The Railway was a failure when it was a monopoly. Now it has competition from trucks plying the recently built highways. So they had to shape up to survive. The Government owned airlines are struggling due to competition from the newly licensed private carriers. The Indian Airlines (the domestic airline) has already been folded into Air India. So why did the Railway thrive under competition and not IA?
The Railway Minister, a shrewd but comical character named Laloo Prasad Yadav is not shy about taking credit. He has been making the rounds, even at the Harvard Business School, lecturing in his broken English. I can already imagine the book: The Management Secrets of Laloo Yadav. One of the things Laloo did was to make sure that the Railways are not cheated out of the proper fare for carrying freight. He allowed longer freight trains, carrying more goods per train.

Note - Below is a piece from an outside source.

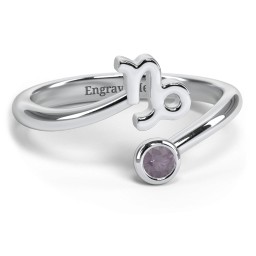 Zodiac Sign & Birthstone Bypass Ring in 925 Sterling Silver with Alexandrite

Laloo was uniquely qualified to root out the corruption, being himself an expert at milking Government schemes. A man of the people, the kind of politician who can disarm anyone with his antics and cajole them into doing his bidding. He also is one of the funniest people in Indian politics.
Despite his charm and guile, it is hard to believe that Laloo turned around the Indian Railways all by himself. Having seen the operation up close, I believe that the success was built one nail at a time by its one and a half million employees.

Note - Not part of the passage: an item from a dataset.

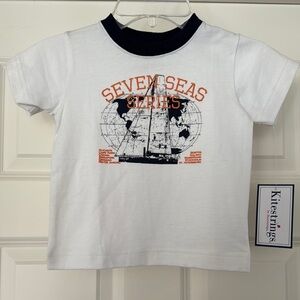 NWT Kitestrings Boy’s White and Navy Seven Seas Short Shirt Sleeve T-Shirt 18M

In the first years after independence, the Railway, like India itself, was weighed down by a couple of centuries of exploitation. The iron for making tracks was diverted to the war effort. The mechanical shops were forced to make guns instead of fixing the trains. Almost half the stock went to Pakistan. What was left did not fit well together. In some places, freight had to be unloaded and reloaded by hand because the track changed gauges (distance between rails.)

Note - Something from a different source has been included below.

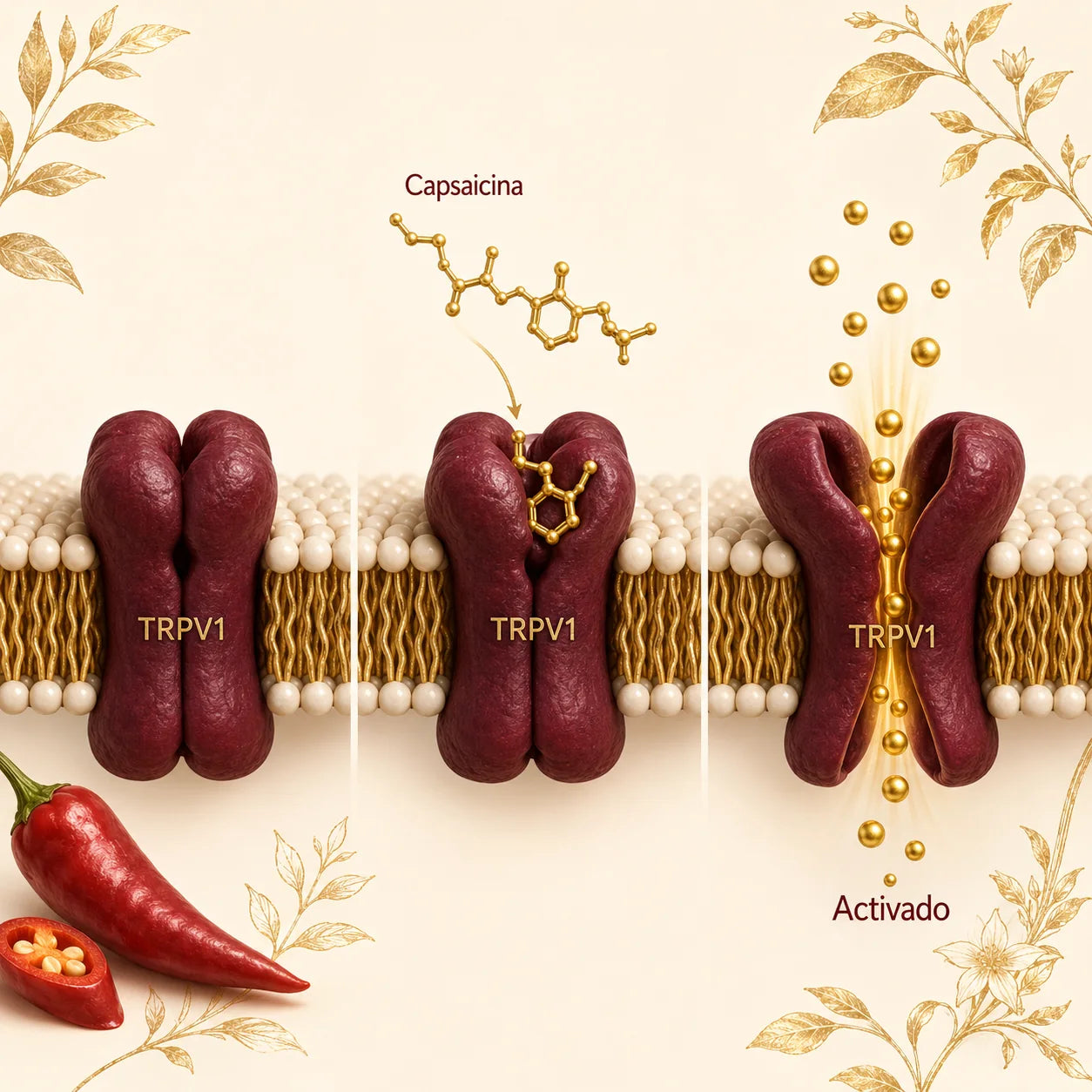 Cómo la capsaicina del chile activa el receptor TRPV1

The commercial operation was an afterthought. Instead of focusing on improving freight transport, the source of most of the revenue, managers had to work on repairing and maintaining the stock. Bit by bit, the kinks in the system were worked out. For example, a stretch I used to travel ran on “meter gauge” instead of “broad gauge” ( 5′ 6”) as in most of the rest of the country. Replacing it with broad gauge, the national standard, was a big event for us in the seventies . It meant that you could travel to Delhi without switching trains, in only three days.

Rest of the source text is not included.